Take the listing below and output it exactly, with no images.

AVAILABLE DATA
BEGIN
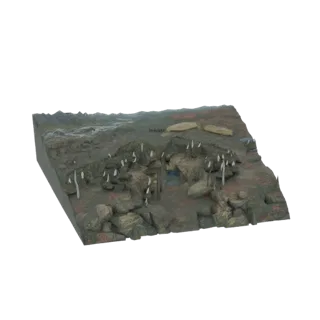 3D модель фэнтезийного диорамного ландшафта с древними руинами, разбросанными камнями и многочисленными острыми белыми структ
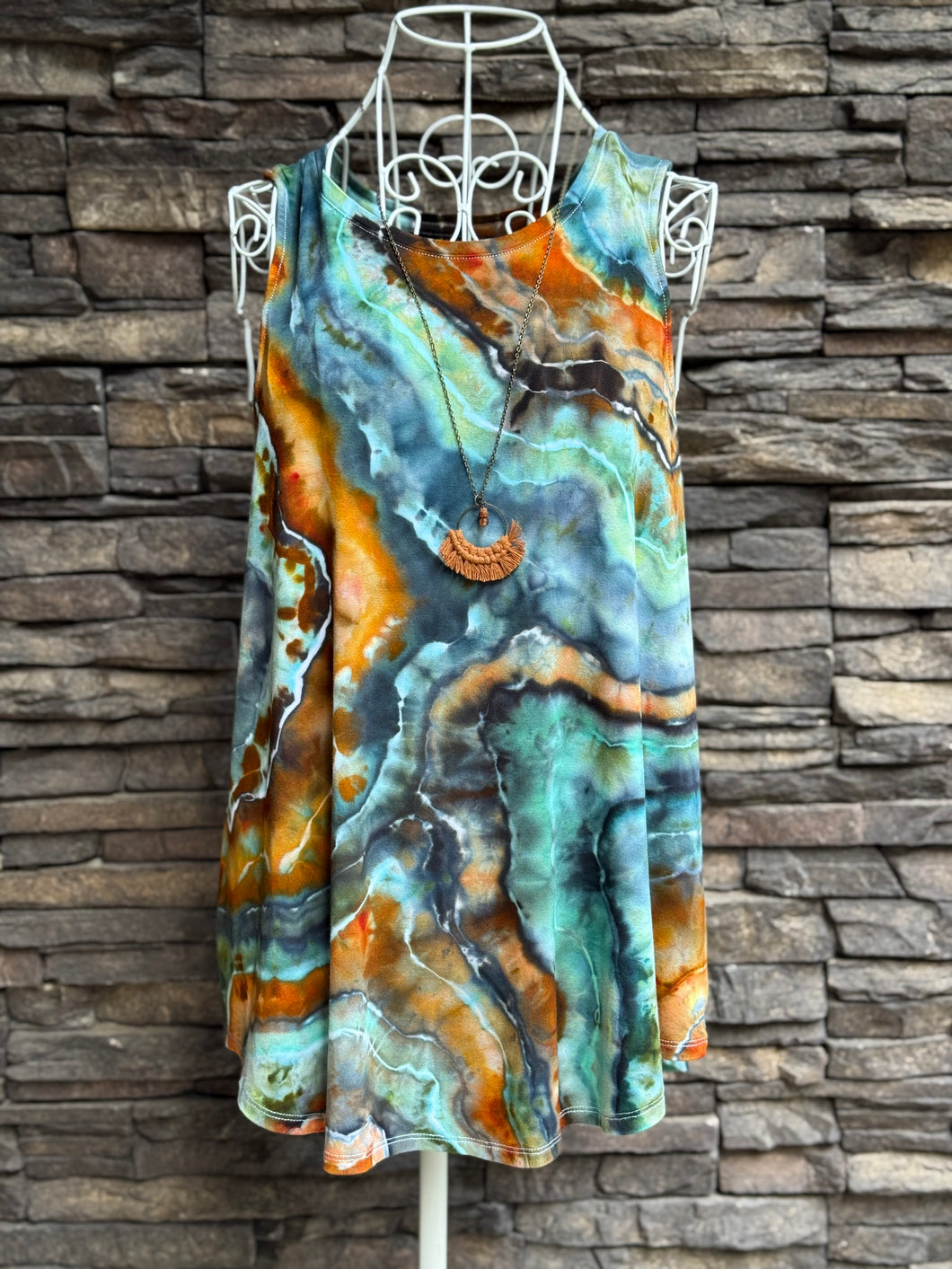 Custom Women’s Small Geode Luxe Tank Top in ‘Boulder Turquoise’ for Kathy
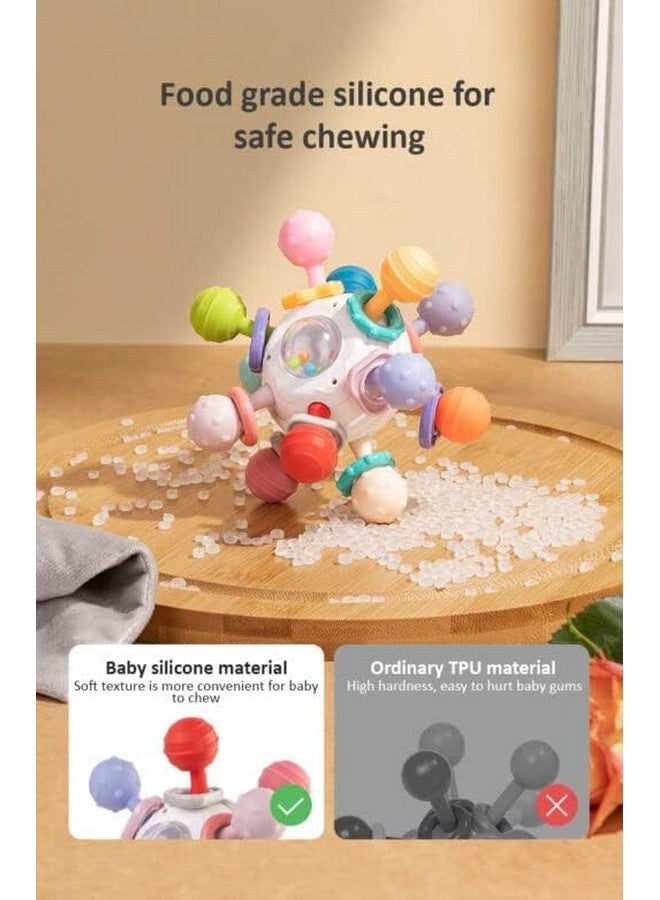StarAndDaisy Teether Teething Toys For Baby 6-12 Months Kids, Soft Silicone & Bpa Free (Mball-Grey-Multicolor) - Image 4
END
SOLUTION BELOW
 3D модель фэнтезийного диорамного ландшафта с древними руинами, разбросанными камнями и многочисленными острыми белыми структ
 Custom Women’s Small Geode Luxe Tank Top in ‘Boulder Turquoise’ for Kathy
StarAndDaisy Teether Teething Toys For Baby 6-12 Months Kids, Soft Silicone & Bpa Free (Mball-Grey-Multicolor) - Image 4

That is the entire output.